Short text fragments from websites
-*-*-
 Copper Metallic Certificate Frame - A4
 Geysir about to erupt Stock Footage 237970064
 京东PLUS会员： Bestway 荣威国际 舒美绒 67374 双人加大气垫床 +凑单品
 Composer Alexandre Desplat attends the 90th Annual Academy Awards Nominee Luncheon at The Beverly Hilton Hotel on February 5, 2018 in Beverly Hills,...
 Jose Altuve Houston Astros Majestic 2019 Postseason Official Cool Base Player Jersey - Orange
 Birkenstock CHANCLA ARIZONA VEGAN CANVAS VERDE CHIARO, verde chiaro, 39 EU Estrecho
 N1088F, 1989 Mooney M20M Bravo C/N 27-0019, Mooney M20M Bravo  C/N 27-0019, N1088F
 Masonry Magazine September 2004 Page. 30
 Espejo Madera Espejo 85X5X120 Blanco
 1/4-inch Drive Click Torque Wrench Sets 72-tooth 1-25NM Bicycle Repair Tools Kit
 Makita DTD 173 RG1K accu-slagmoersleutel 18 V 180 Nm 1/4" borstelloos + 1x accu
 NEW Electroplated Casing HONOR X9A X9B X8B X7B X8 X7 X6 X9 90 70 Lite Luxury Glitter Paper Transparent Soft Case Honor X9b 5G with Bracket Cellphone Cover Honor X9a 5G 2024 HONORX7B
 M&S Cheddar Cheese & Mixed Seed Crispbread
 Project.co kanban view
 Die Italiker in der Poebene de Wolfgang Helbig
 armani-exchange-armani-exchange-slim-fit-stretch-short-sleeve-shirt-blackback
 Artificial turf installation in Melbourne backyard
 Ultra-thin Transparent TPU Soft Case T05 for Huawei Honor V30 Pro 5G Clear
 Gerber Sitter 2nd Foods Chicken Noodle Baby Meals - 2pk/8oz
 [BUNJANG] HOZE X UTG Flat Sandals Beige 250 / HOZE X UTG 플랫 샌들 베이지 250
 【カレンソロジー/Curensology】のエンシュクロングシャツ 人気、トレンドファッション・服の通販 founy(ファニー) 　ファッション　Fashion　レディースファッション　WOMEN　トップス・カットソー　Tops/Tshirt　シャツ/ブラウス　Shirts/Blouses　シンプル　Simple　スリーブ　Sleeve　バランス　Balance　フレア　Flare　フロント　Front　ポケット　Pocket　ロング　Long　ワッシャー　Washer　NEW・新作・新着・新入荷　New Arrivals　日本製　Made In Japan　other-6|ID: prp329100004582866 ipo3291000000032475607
-*-*-
* _EXERCISE AIM_
Return every record above exactly as it appears.

* _SOLUTION TO THIS EXERCISE_
 Copper Metallic Certificate Frame - A4
 Geysir about to erupt Stock Footage 237970064
 京东PLUS会员： Bestway 荣威国际 舒美绒 67374 双人加大气垫床 +凑单品
 Composer Alexandre Desplat attends the 90th Annual Academy Awards Nominee Luncheon at The Beverly Hilton Hotel on February 5, 2018 in Beverly Hills,...
 Jose Altuve Houston Astros Majestic 2019 Postseason Official Cool Base Player Jersey - Orange
 Birkenstock CHANCLA ARIZONA VEGAN CANVAS VERDE CHIARO, verde chiaro, 39 EU Estrecho
 N1088F, 1989 Mooney M20M Bravo C/N 27-0019, Mooney M20M Bravo  C/N 27-0019, N1088F
 Masonry Magazine September 2004 Page. 30
 Espejo Madera Espejo 85X5X120 Blanco
 1/4-inch Drive Click Torque Wrench Sets 72-tooth 1-25NM Bicycle Repair Tools Kit
 Makita DTD 173 RG1K accu-slagmoersleutel 18 V 180 Nm 1/4" borstelloos + 1x accu
 NEW Electroplated Casing HONOR X9A X9B X8B X7B X8 X7 X6 X9 90 70 Lite Luxury Glitter Paper Transparent Soft Case Honor X9b 5G with Bracket Cellphone Cover Honor X9a 5G 2024 HONORX7B
 M&S Cheddar Cheese & Mixed Seed Crispbread
 Project.co kanban view
 Die Italiker in der Poebene de Wolfgang Helbig
 armani-exchange-armani-exchange-slim-fit-stretch-short-sleeve-shirt-blackback
 Artificial turf installation in Melbourne backyard
 Ultra-thin Transparent TPU Soft Case T05 for Huawei Honor V30 Pro 5G Clear
 Gerber Sitter 2nd Foods Chicken Noodle Baby Meals - 2pk/8oz
 [BUNJANG] HOZE X UTG Flat Sandals Beige 250 / HOZE X UTG 플랫 샌들 베이지 250
 【カレンソロジー/Curensology】のエンシュクロングシャツ 人気、トレンドファッション・服の通販 founy(ファニー) 　ファッション　Fashion　レディースファッション　WOMEN　トップス・カットソー　Tops/Tshirt　シャツ/ブラウス　Shirts/Blouses　シンプル　Simple　スリーブ　Sleeve　バランス　Balance　フレア　Flare　フロント　Front　ポケット　Pocket　ロング　Long　ワッシャー　Washer　NEW・新作・新着・新入荷　New Arrivals　日本製　Made In Japan　other-6|ID: prp329100004582866 ipo3291000000032475607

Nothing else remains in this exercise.